“Lettere dal Vajont” il racconto attraverso le lettere che l’ertano Carlo Filippin alla ricerca dei familiari sopravvissuti

Mercoledì prossimo la Storica Società Operaia di Pordenone ricorderà il disastro del Vajont raccontandolo da un punto di vista molto “personale”, attraverso le lettere che l’ertano Carlo Filippin, rientrato il 10 ottobre ’63 dalla Lombardia, dove viveva, alla Borgata Le Spesse alla ricerca dei familiari sopravvissuti, inviò giornalmente a casa, nei giorni immediatamente successivi alla tragedia. Una testimonianza raccolta dall’Ecomuseo del Vajont che oggi riprende vita grazie agli attori del Gruppo Teatro L. Rocco e al racconto di Mario Tomadini.

Le Spesse prima e dopo il disastro (immagini tratte dal volume “Vajont. 9 ottobre 1963 – cronaca di una catastrofe” del fotografo Bepi Zanfron – da collezione Mario Tomadini)

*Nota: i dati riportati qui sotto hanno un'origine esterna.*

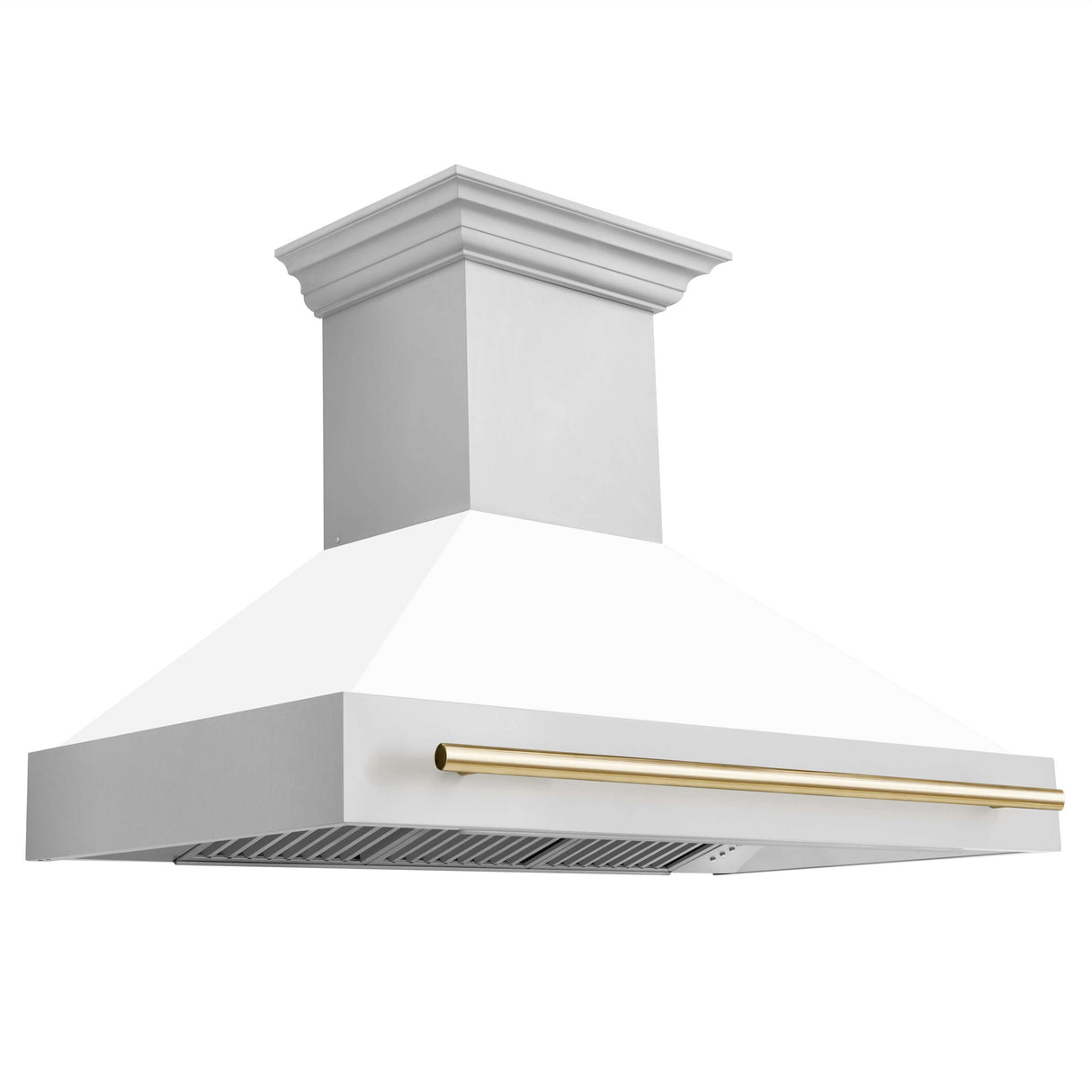 ZLINE 48 in. Autograph Edition Kitchen Package with Stainless Steel Dual Fuel Range with White Matte Door, Range Hood and Dishwasher with Polished Gold Accents (3AKP-RAWMRHDWM48-G)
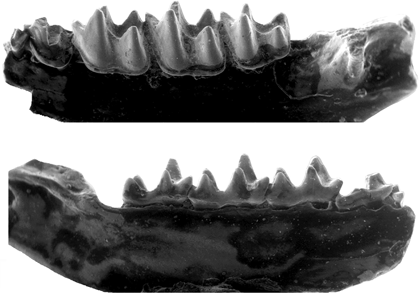 This 30-million-year-old fossilized jawbone, seen from both sides, is less than half an inch in length, but it has a lot to say about bat evolution. Photo credit: Gregg Gunnell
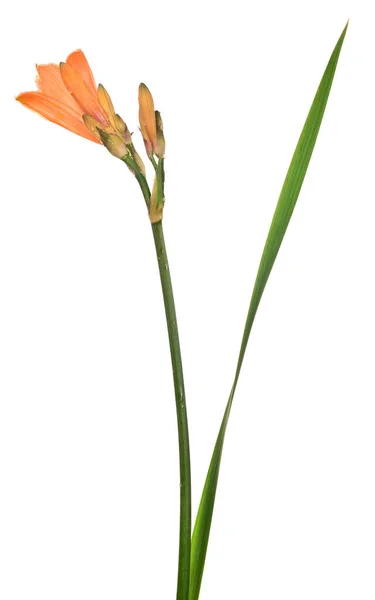 Turuncu Zambak Çiçeği Beyaz Arkaplanda Izole — Stok fotoğraf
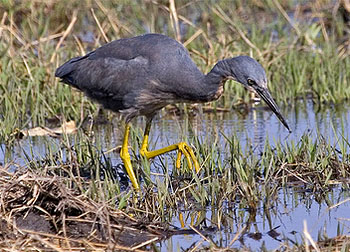  p>蓝灰鹭(学名: i>egretta vinaceigula /i>,英文名:slaty egret)是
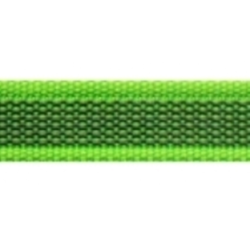 ANTI-SLIPLINE "DOGSPORT" DELUXE MED SPECIEL H&Aring;NDSTOP AF 15MM GUMMIBELAGT WEBBINGB&Aring;ND MED S&Oslash;LVFARVET KARABIN - NEONGR&Oslash;N.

Ancora una volta sarà la valorizzazione della documentazione storica al centro dell’attenzione della Storica Società Operaia di Pordenone, che mercoledì 15 novembre alle 18.00 (ingresso libero) promuove in incontro dal titolo “Lettere dal Vajont”, condotto e curato dal presidente Mario Tomadini presso il Centro Culturale di Palazzo Gregoris, sede del sodalizio, con il sostegno della Regione Friuli Venezia Giulia e del Comune di Pordenone, e con il patrocinio del Comune di Erto e Casso e del Parco Naturale Dolomiti Friulane.
Nell’anno che ha segnato il 60° anniversario della tragedia della diga, onorato lo scorso 9 ottobre dalle massime istituzioni, accanto alle comunità strette intorno alle famiglie dei morti e ai superstiti, la passione per la storia di Tomadini incontra la vocazione alla divulgazione e alla memoria dell’Operaia per portare un contributo “personale” a questo particolare momento segnato dal ricordo.
Lo spunto di avvio dell’evento sarà un excursus che ripercorrerà le varie tappe che cronologicamente scandirono i tempi di questa tragedia annunciata: si parte dal 1929 con il progetto della S.A.D.E. per la costruzione della diga nella Valle del Vajont, destinato a creare un grande bacino idroelettrico a sostegno della crescita economica dell’Italia, per proseguire con la narrazione storica che segue l’evolversi dei progetti, delle perizie geologiche, delle consulenze, degli schieramenti pro e contro la grande opera, compresi i principali protagonisti, come il geologo Giorgio Dal Piaz, l’ingegnere Carlo Semenza, il geologo austriaco Leopold Müller, Giuseppe Volpi conte di Misurata, fondatore della S.A.D.E., la coraggiosa “voce contro” della giornalista Tina Merlin.
Il punto di vista particolare sul tragico esito di questa vicenda sarà quello di Carlo Filippin, un ertano che all’epoca dl disastro si era già trasferito da qualche tempo con la famiglia a Mazzano, in provincia di Brescia, e che il 10 ottobre del 1963, sentita alla radio la notizia del disastro, partì immediatamente dalla Lombardia per rientrare a Erto e accertarsi di persona della sorte dei parenti rimasti al paese. Fermato dalle forze dell’ordine all’altezza di Cimolais, solo il giorno dopo riuscì a raggiungere la Borgata Le Spesse, trovando morte e distruzione ovunque. La terribile cronaca degli eventi raggiunse la famiglia attraverso alcune lettere che Filippin spedì giornalmente alla moglie Maria e alla figlia Doris rimaste a Mazzano, una preziosa testimonianza che l’Ecomuseo del Vajont di Erto ha raccolto qualche anno fa in una brochure dal titolo “Ti rivedrò con gli occhi della memoria”, che la SOMSI riporterà a prendere vita, per gentile concessione di questa istituzione e della stessa Doris Filippin, grazie alle voci degli attori Francesco Bressan e Antonio Rocco del Gruppo Teatro Pordenone Luciano Rocco, che collabora all’iniziativa. Si tratta di una memoria semplice e commovente, ricca di sentimenti di profonda umanità nei confronti di una comunità profondamente segnata dagli eventi, con il doloroso resoconto delle perdite annotate tra i familiari, gli amici e i vicini di casa, le case distrutte e quelle pericolanti, l’incertezza e l’afflizione dei rimasti. A Le Spesse si contarono 67 vittime, delle quali soltanto due corpi poterono essere ricomposti e restituiti alla pietà dei familiari.